Salvador Dalí's "Diary Of A Genius" is an autobiography that manages to be both entirely naturalistic and egoistic at the same time, without ever feeling forced or contrived. The language and form is not as surreal as one would expect from Dalí's art, although the content frequently manages to be. What is immediately striking is the realisation that his choice of title is not ironic or self-deprecating, but his honest self-assessment. More than this, he refers to himself in terms that would be described, in Nietzschean terminology, as "superhuman". To whit:
"Ever since the French Revolution there has been growing up a vicious, cretinizing tendency to consider a genius as a human being... This is false. And if it is false when applied to me, the genius, it is even more false when applied to those who, like the almost divine Raphael, embodied the very genius of the Renaissance."
Another remarkable thing about this remarkable book is Dalí's painstaking attention to detail. He is fascinated with his own bodily functions and their meanings. A whole appendix is dedicated to the "Art of Farting". It seems his sincere belief that, due to his importance as a unique phenomena that has never existed, and never will exist again, that the minutiae of his life should be recorded for posterity. A great deal of July 1952 is concerned with a small scab that has formed on lip. All other events are put in the context of, and related to, this scab. Once again, he provides an explanation for himself:
"This book will prove that the daily life of a genius, his sleep, his digestion, his ecstasies, his nails, his colds, his blood, his life and death are essentially different from those of the rest of mankind. This book, then, is the first diary written by a genius."

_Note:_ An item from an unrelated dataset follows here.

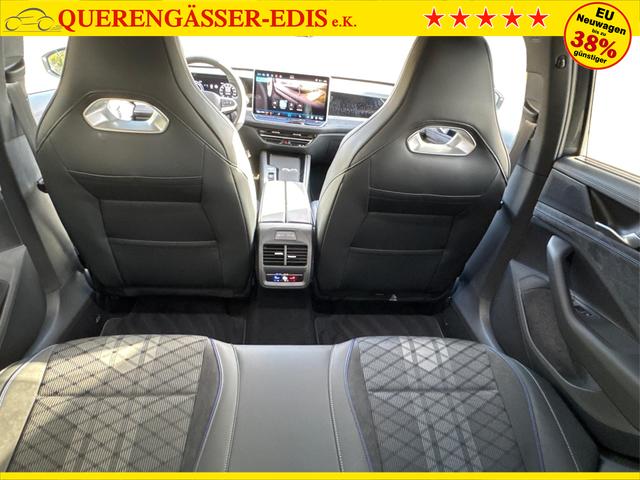 Volkswagen / Passat Variant / Grau / / / 4WD+DSG+AHK+NAVI+HEAD-UP+MATRIX+ACC+BLACK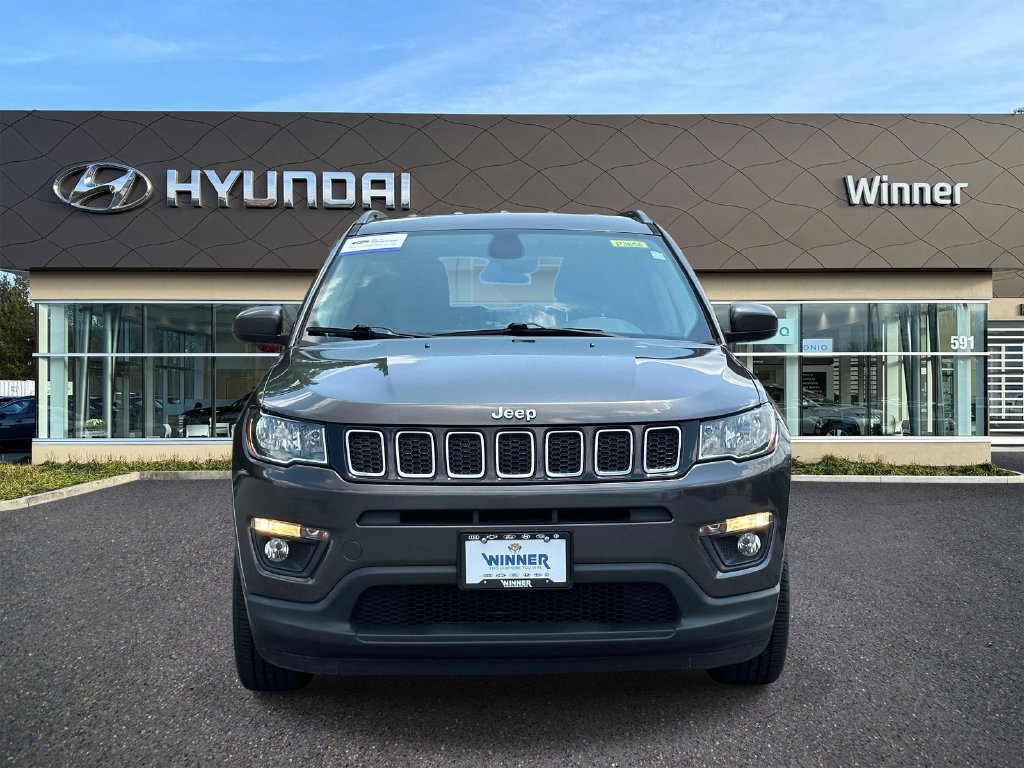 Used 2018 Jeep Compass Latitude AWD/4WD image 7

It must be noted that Dalí's craftsmanship of prose does not match that of his brush. Which is not to say that Dali is not a talented writer, far from it. I, personally, am only able to read the English translation, and therefore cannot pass judgment on Dalí's actual use of language. However, the complexity of ideas that he is able to present on canvas do not translate well to the written word. This can make his writing sometime ponderous, occasionally tedious when his ideas do not prove outrageous or compelling enough to support it. And there in lies the whole crux of this book. It is not to be enjoyed a great work of literature, but rather an incomplete self-portrait of a magnificently flawed individual.